What is wrong with pop culture television today? Two words: family values. Old school tv shows like Little House on the Prairie display very positive values centered around the Ingalls family and the struggles they had to overcome and how, through rain and shine, they manage to stay together as a family. Today, television shows are, though not always, centered around sex, one night stands, and divorce. What message does this contrast send? To me, and it’s a scary one. This contrast takes the importance off of family values and focuses it instead on glorifying sex, one night stands, and divorce. Today, there are shows like Two and a Half Men and Everybody Loves Raymond that focuses on dysfunction and presents it as the norm. There are two striking differences in the previously mentioned shows: Two and a Half Men glorifies one night stands, whereas Everybody Loves Raymond shows Raymond sticking with his marriage through good and bad. What I don’t get is why shows like Little House on the Prairie get forgotten or receive blank stares when mentioned and other shows are so popular.

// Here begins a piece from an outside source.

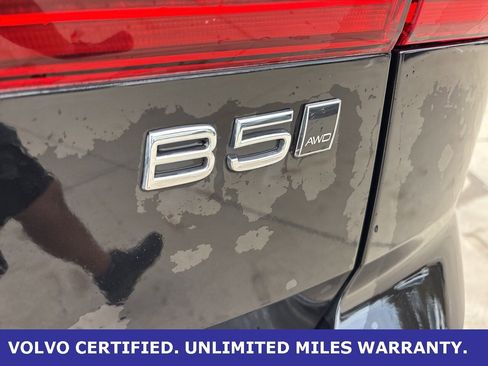 Certified 2025 Volvo XC60 B5 Core image 9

Another television show from the early 1990’s which has positive family values that people do tend to remember, in contrast, is Home Improvement. This wildly popular TV show focused on the trials and life of the Taylor family: Tim (dad), Jill (mom), Brad (oldest son), Randy (middle son), and Mark (youngest son). The thing that always stood out to me when watching this show was that there was very little arguing beyond what normally happens in a family as well as the fact that the Taylor family is always seen working through their problems rather than cutting and running when the going gets tough.

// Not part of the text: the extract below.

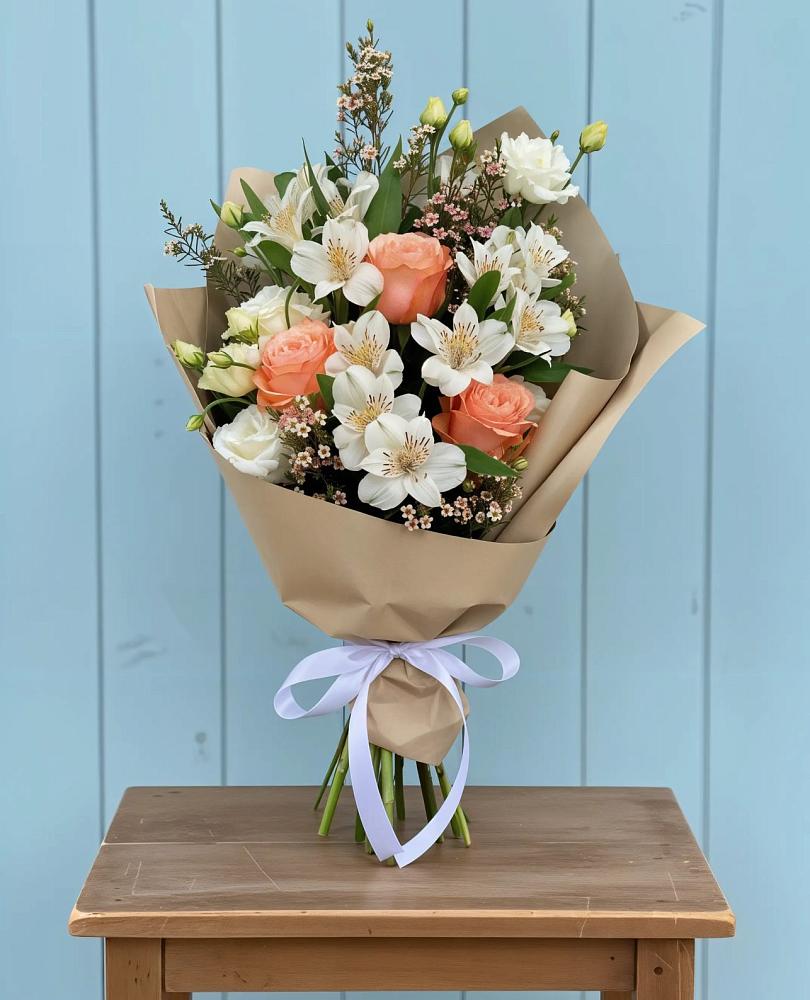 Букет цветов из: Альстромерии, Лизиантусы, Розы и Хризантемы в Вохринке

In conclusion, family values are not as important as they once were, as indicated by the content of many current popular television programs. If anything is going to change for the better in American culture, family values should be emphasized in our TV shows. But TV executives often do not feel it is their responsibility to preach any kinds of morality. People can deny their influence all they want, but the fact is our programs may be said to reflect who we are, but they also  tend to validate our values. Think about it.